Even we truncated Zap70 with its kinase domain, it still has about 300 amino acids compared to
40 a.a. from the intracellular domain of CD3ζ. This would reduce the expression level of CAR to
some extend though not much as the vector size increases about 1000bp. However, there is no
study about the minimal domain of the Zap70 kinase so far. To determine the minimal functional
domain like the tail of CD28, 4-1BB or CD3ζ is quite important for the extension of current work.
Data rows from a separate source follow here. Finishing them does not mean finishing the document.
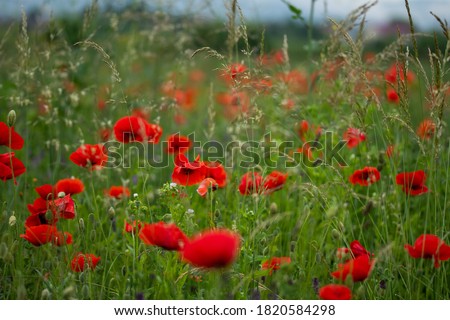 Field with poppies in Cristur, Sieu, Bistrita, Romania, 2020
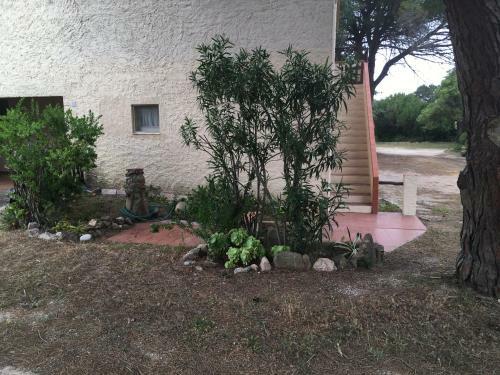 Apartamento Monolocale A Rena Majore Di Gallura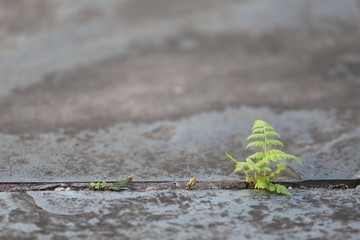 planta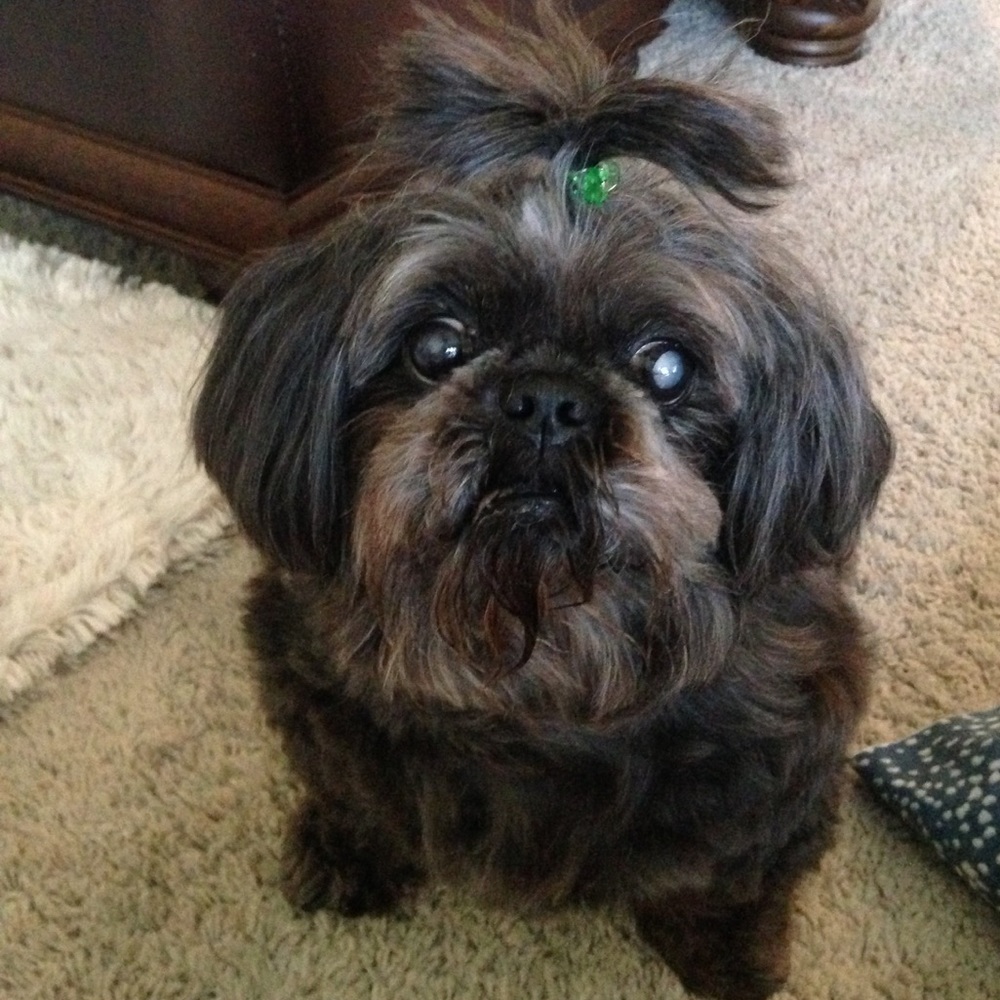 HI THERE💜I'M TILLIE - Picture 8 of 10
T cell persistence is one direction that scientists try much effort to improve. Several strategies that
help prolong the lifespan of transgenic T cells have been developed. One way is to add co-
stimulatory domain such as 4-1BB, CD28, CD27 and OX40. Those molecules provide additional
signal to increase expression of the anti-apoptosis genes to support T cell survival. Another way
uses invert CARs that have extracellular domain of negative regulators such as PD-1, followed by
co-stimulatory domain and activation domain, thus converting negative signal while binding to
PD-L1 on the tumor site to positive signal for T cell activation (323). Others investigate the
importance of cytokines and cytokine receptors. Dr. Cliona M. Rooney developed constitutively
active signaling C7R system that provide IL-7 signaling separately along with CAR. However, the
activation of pSTAT5 was antigen independent manner. Dr. Juan Vera divides CAR construct into
three CARs, each provides intracellular signaling, co-stimulatory signaling and cytokine signaling.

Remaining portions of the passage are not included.